The feminist manifesto of the best female skier in history
Mikaela Shiffrin completes her all-female support team by hiring a woman as her head coach
When Adolf Hitler invited her to dinner, German skier Christl Cranz said it was the highest honor she had ever received. It was 1936, and the first female Olympic skiing champion was a fervent Nazi supporter. When she retired from competition in 1941, she donated all her ski equipment to the propaganda campaign preparing for the German invasion of the Soviet Union. Cranz still holds the record for winning the most world championships — 15. Not even American skier Mikaela Shiffrin has that many, and she’s now won 87 World Cup events, more than anyone else, man or woman.

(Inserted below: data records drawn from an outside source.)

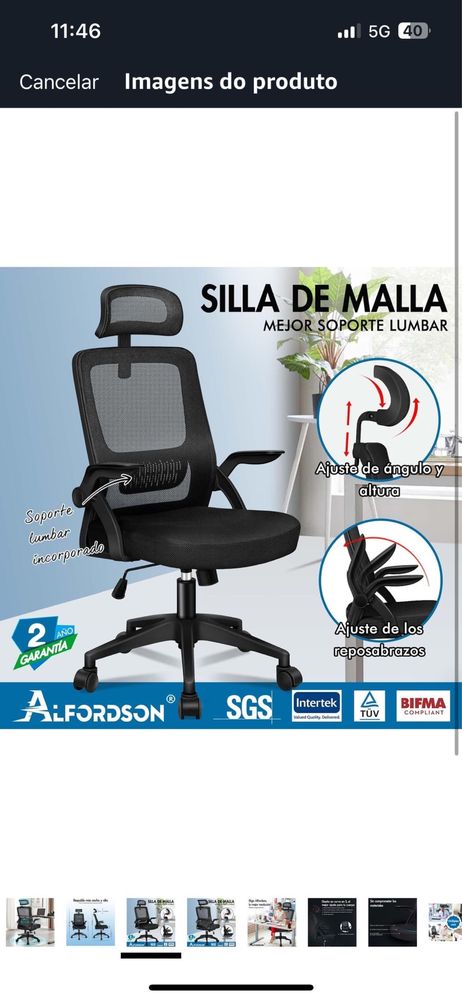 Cadeira de escritorio ergonomica nova na caixa!!
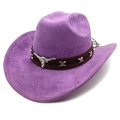 Detail of purple faux suede cowboy hat with silver bull head buckle and studs decoration - M (56-58cm) / Purple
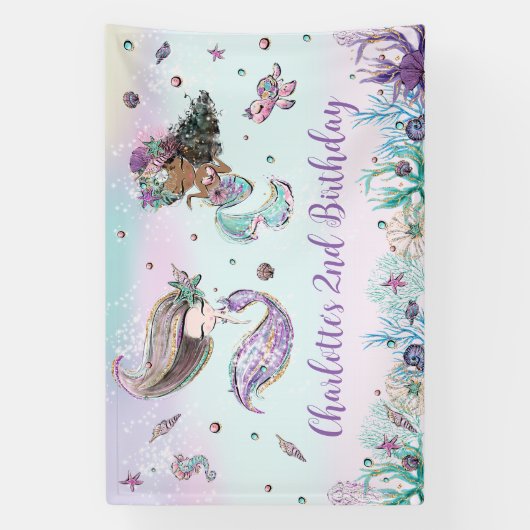 Cute Mermaids Birthday Pool Party Backdrop Welkom Spandoek (Verticaal)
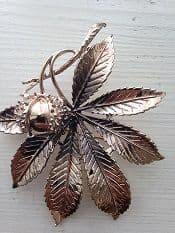 1960's Signed Exquisite Horse Chestnut Brooch - Vintage Copper Conker Pin SOLD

Shiffrin, who just turned 28, was in Andorra for a World Cup event when she proclaimed a feminist manifesto of sorts. The young woman, who considers that she has already achieved a lot, says she will work to ensure that female coaches have more opportunities to strive for loftier goals.
“Everyone asks me what mark I want to leave during the final years of my racing career,” said the skier from Vail (Colorado, USA). A month ago, Shiffrin parted ways with Mike Day, her coach for the last seven years. “Choosing a new coach was very important to me, and I’ve given it a lot of thought. I have chosen Karin Harjo, who was part of my team from 2015-2021, because she is one of the most skilled coaches I have worked with. Because of that, I want her to be my head coach, but also because I want to put a bigger spotlight on female coaches. I want people to know they exist.”
With Harjo as head coach, Shiffrin now has an all-female team around her. Her mother, Eileen, was a good skier in her youth and is now a coach and registered nurse. She has been part of Shiffrin’s team since the 16-year-old joined the World Cup circuit in 2011. Her physical therapist Regan Dewhirst has been on her team for five years, and her publicist Megan Harrod is a former skier who also handles public relations for Norwegian skier Aleksander Aamodt Kilde, Shiffrin’s partner and a World Cup champion. The couple celebrated their excellent racing seasons late into the night last Wednesday at Andorra’s coolest après ski club in the Soldeu Ski Resort.
A few hours later, on March 16, Shiffrin competed in the Super-G slalom, which is not among her best events. Although Swiss skier Lara Gut-Berhami won the event, Shiffrin saw it as a tune-up for the upcoming slalom and giant slalom races, events in which she has already claimed World Cup titles this season. If she wins both races, Shiffrin will finish the season with 15 wins, two less than in her best year, 2019. It would push her total to 89 World Cup wins, just 11 shy of the magic number of 100 wins.
Karin Harjo is the head coach of Team Canada, the second woman to ever lead a national team and one of only eight women coaches at the highest level of skiing, where male coaches number in the hundreds. Harjo hasn’t been by Schiffrin’s side for her recent streak of success. “I wasn’t planning to part ways with Mike Day, who I worked with very comfortably for seven years,” said Shiffrin. “But when I heard Karin wanted to leave the Canadian team and return to the U.S., I told myself I couldn’t pass up this opportunity.”
It’s not the first time Harjo has been a trailblazer for other women. In 2016, she became the first woman to set a World Cup slalom event, a task monopolized by men for male and female events. Since then, two more women have begun setting World Cub events. “For Mikaela to choose me is a breakthrough for other women as well,” Harjo told The New York Times. She will join Schiffrin in April to begin working in Norway. “You can’t take away the impact that it has for women who might say, ‘If she can do it, so can I.’ It’s a really powerful thing; it says that this is a viable career path.”
Karin Harjo has never skied professionally. When she graduated with a degree in molecular biology 23 years ago, she started working in a lab at the University of Washington. Soon after, she surprised everyone, including her Norwegian parents, who were missionaries in Tokyo when Karin was born, by saying she was leaving the lab to become a ski instructor. “It was the classic, ‘I’m just taking a year off, and then I’ll come back,’” said Harjo. “But there’s not one specific way to start any career. And here I am 23 years later… working at my passion with an incredible opportunity you only dream about.”
People are starting to look at Shiffrin in a different light these days. Two years ago, the press called her a childish princess when she refused to attend a World Cup medal ceremony to receive her gold. As it turned out, she was actually protesting that the ceremony had been delayed for several hours to avoid conflicting with the men’s Super-G race.